Compliance teams trained on directives have learned to wait for the national regulator's implementing guidance before touching a procedure. AMLA's customer due diligence regulatory technical standard removes that habit. Once the European Commission adopts an RTS, it applies directly across member states, with no transposition to soften it. What the final text says about the information necessary for customer due diligence is what supervisors will expect to find in the file, in every member state, at the same time. Read the draft against your onboarding data fields now, while it is still a draft you can comment on.

Career & Skills Corner

Learn to read a deregulation for the duty it leaves behind

The UK amendment is the best training exercise a financial crime professional will get this year. On its face it relaxes enhanced due diligence, narrowing the trigger from all complex transactions to unusually complex arrangements, and making it automatic only for the three countries on the FATF Call for Action list. Read HM Treasury's guidance alongside it and the duty survives wherever a high risk is identified in a high-risk third country. The rule got smaller. The obligation did not. That gap is where careers are made and lost. The skill is to read any relaxation twice: once for what it removes, and once for what it leaves standing. Take the amendment, put it beside your own policy, and answer three questions in writing. What automatic trigger has actually gone? What risk-based duty remains? And what, specifically, does my firm now mean by unusually complex? Whoever answers that third question is setting the firm's due diligence perimeter, and it should be someone who has thought about it, not someone who inherited a default. Do that exercise and you will have a document your supervisor, your board, and your auditor all want. More than that, you will have the habit that stops a deregulation becoming a control failure.

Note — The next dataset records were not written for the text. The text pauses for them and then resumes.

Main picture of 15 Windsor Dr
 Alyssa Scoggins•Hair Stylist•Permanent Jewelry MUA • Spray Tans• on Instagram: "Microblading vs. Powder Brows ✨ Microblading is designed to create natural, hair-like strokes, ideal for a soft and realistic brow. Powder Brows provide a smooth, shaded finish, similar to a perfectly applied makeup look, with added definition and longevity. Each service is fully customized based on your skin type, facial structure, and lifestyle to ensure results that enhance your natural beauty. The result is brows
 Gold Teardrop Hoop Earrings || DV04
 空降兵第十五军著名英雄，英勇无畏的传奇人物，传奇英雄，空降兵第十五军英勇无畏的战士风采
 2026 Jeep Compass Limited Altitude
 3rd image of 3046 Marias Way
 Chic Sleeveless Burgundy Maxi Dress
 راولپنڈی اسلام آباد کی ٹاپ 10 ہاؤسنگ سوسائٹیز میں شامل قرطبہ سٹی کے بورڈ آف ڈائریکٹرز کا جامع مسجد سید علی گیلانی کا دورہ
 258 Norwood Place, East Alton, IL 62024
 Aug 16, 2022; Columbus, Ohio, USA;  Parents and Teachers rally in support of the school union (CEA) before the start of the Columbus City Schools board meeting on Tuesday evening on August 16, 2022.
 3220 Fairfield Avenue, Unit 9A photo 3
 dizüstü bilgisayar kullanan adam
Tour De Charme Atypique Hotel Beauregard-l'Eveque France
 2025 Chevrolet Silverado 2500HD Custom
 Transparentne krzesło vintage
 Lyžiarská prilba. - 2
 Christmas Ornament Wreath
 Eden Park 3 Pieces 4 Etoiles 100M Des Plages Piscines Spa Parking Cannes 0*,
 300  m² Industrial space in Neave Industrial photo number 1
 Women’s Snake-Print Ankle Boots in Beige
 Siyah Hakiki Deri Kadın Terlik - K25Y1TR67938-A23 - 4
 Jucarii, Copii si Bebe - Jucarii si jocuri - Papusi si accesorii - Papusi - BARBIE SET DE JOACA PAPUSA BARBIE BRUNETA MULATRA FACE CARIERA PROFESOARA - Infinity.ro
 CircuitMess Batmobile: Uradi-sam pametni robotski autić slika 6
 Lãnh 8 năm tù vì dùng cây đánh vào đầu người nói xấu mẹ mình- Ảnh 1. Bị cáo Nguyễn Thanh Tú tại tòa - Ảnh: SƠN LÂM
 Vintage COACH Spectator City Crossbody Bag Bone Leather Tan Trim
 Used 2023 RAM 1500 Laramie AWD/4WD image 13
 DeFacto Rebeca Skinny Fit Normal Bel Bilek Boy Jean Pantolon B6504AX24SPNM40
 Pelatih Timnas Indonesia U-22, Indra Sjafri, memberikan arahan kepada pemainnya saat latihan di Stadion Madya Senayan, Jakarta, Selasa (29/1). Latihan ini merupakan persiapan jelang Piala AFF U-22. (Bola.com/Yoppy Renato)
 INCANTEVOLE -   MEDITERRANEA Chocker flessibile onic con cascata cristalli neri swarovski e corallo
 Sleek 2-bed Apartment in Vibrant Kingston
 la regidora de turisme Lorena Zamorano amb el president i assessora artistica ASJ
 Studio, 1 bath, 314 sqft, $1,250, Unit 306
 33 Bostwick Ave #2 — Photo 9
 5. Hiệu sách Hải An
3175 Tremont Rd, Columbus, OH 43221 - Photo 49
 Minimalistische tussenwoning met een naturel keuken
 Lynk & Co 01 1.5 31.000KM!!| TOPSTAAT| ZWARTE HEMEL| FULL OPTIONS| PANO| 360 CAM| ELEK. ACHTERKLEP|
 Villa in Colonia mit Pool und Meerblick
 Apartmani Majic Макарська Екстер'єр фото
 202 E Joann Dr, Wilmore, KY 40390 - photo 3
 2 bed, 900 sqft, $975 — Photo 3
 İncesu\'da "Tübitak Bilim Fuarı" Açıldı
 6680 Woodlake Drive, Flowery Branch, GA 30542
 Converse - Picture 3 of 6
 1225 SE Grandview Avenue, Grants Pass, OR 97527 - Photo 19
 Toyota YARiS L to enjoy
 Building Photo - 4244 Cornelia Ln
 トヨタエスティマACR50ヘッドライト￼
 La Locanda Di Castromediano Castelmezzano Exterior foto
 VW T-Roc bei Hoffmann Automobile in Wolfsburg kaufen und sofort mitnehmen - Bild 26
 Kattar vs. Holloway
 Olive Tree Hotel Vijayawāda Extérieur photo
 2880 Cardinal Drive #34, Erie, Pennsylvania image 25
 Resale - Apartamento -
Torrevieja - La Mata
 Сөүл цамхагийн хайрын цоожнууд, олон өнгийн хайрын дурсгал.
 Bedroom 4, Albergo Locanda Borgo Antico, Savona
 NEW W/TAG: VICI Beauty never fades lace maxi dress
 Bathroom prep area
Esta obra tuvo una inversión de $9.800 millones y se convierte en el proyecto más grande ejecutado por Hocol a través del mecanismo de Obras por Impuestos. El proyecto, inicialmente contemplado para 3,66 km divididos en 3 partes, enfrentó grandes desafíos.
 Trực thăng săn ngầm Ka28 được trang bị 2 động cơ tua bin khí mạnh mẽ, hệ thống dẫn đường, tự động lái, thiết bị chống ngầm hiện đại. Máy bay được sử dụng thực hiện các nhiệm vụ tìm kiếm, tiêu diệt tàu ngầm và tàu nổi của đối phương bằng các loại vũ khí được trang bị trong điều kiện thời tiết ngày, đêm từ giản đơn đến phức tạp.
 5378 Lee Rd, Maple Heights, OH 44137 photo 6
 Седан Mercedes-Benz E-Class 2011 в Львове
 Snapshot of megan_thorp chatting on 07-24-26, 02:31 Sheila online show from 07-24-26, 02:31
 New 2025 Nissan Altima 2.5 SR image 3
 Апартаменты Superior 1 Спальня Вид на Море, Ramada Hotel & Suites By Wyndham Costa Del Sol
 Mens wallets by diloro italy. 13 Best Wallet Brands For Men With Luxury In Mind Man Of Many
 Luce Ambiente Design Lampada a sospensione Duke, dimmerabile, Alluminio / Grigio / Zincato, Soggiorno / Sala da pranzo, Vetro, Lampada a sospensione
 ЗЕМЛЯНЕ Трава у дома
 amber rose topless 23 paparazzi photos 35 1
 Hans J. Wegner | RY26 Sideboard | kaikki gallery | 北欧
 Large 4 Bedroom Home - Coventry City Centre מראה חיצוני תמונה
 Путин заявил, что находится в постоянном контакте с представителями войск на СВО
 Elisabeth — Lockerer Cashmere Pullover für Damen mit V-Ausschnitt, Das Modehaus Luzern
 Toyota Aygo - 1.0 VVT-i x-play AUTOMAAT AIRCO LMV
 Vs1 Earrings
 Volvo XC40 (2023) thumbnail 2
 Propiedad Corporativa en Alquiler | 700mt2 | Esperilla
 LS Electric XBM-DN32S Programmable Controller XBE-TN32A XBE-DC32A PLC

What I’m watching next week

Four things are on my desk. First, the GL X1 wind-down closes at 12:01 am EDT on 17 July, and I expect the first questions about what firms booked in the gap to follow quickly. Second, I am watching the European Commission's adoption step on AMLA's customer due diligence standard, because that is when a draft becomes a rule. Third, I want to see how the beneficial ownership registers actually behave in practice now the deadline has passed, member state by member state. And fourth, whether the FATF fraud roadmap and results like INTERPOL's Operation First Light start turning into supervisory expectations on mule-account detection.